Remove the sausage fat from the skillet and add the olive oil and butter, reducing the heat to medium. Add the celery and onion and stir to coat, letting it cook for around 10 minutes, stirring occasionally, until softened. Meanwhile…
Prepare your apples:
Not a difficult process, to be sure, but I’ll give you step by step instructions:
- Using a sharp, thin-bladed knife, slice off the very top of the apples, right at where the stem hits the apple.
- Using a melon-baller, carefully scoop directly down the center, until the core and seeds are completely removed. Discard core and seeds before continuing.
- Use the knife to trim down the top until it’s the size you want it to be. I like my apples tall, so I made my “bowl” at the widest part of the apple. Pay attention also to how your apples sit: make adjustments to the tops accordingly.
- Carefully scoop out the insides of the apple with the melon baller, going slowly and paying attention. Keep your hand wrapped around the apple as you do this: it will help to stabilize things, but you’ll also feel if you begin to scoop too close to the skin. It doesn’t have to be perfect in there: leave maybe a 1/4 inch of apple, but don’t overthink it.
- As you finish each apple, set them open-side-down on your work surface; it helps keep the brown away.
- Take the leftover apple pieces and rough chop 1 1/2 cups of it to use in the stuffed apples. Eat the rest or save it for later by squeezing a bit of lemon over.
Back to the filling:
Once your onions and celery are finished, add the apples and sage and cook for another 5-6 minutes until apples are soft. Add parsley and cranberries, stirring to combine. This is where I want you to season, and season well; there are lots of things in here, and baked together without proper seasoning, all these lovely flavors could lose some of their luster if not properly seasoned. Don’t be skimpy, but work carefully, adding sea salt and ground pepper, stirring, then tasting. Repeat as needed until you love the flavor, then sprinkle a little salt and pepper over top your (currently empty) apples.
Let’s stuff those apples:
Preheat the oven to 400˚F. Lightly butter the insides of a deep baking dish. I used a 1.5 quart oval dish for this, but use what fits your apples the best. If you’re not sure about what will work, test a few out pre-buttering to determine which works best for you.
Working one at a time, grab an apple and hold it firmly in your hand. Using a medium spoon (one which will be easy to work with and fit into the apple with no trouble), giving your filling a quick stir and start scooping it into the apple.
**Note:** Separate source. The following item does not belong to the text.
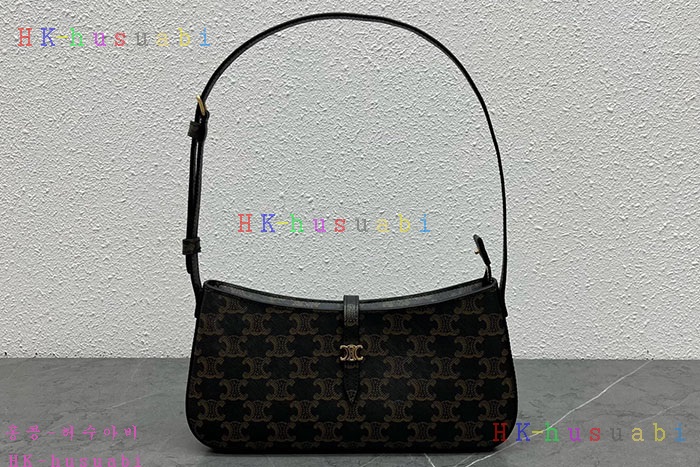 ڹ̷ޡڼ  Ʈ ĵ Ƽ  123052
Press firmly down as you go to send the filling to eliminate any pockets, and slightly heap the filling out of the top, making a small mound. Set in the prepared baking dish, and repeat with the rest of the apples.
Make the topping:
Stir together the parmesan and panko in a medium bowl until combined. Add melted butter and stir with a fork until ingredients are evenly coated. Using a small spoon and your fingers, lift heaping spoonfuls of the mixture up and carefully press it into the tops of your apples, pushing it gently but firmly on top of the filling; it should adhere well, but don’t be afraid to use your hands here. Once your topping has been evenly distributed, place in the oven, uncovered, and bake for 30-40 minutes, until crackly and heated. It’s a very forgiving recipe in that you’d have to basically forget about them for hours for them to be ruined, but check them at around the 30 minute mark. Your topping should be a deep golden and your filling should be hot all the way to the center.
Remove from the oven and serve immediately.
PS: Am I the only one who got a kick out of saying “baller” that many times? I know my spell check enjoyed it quite a bit.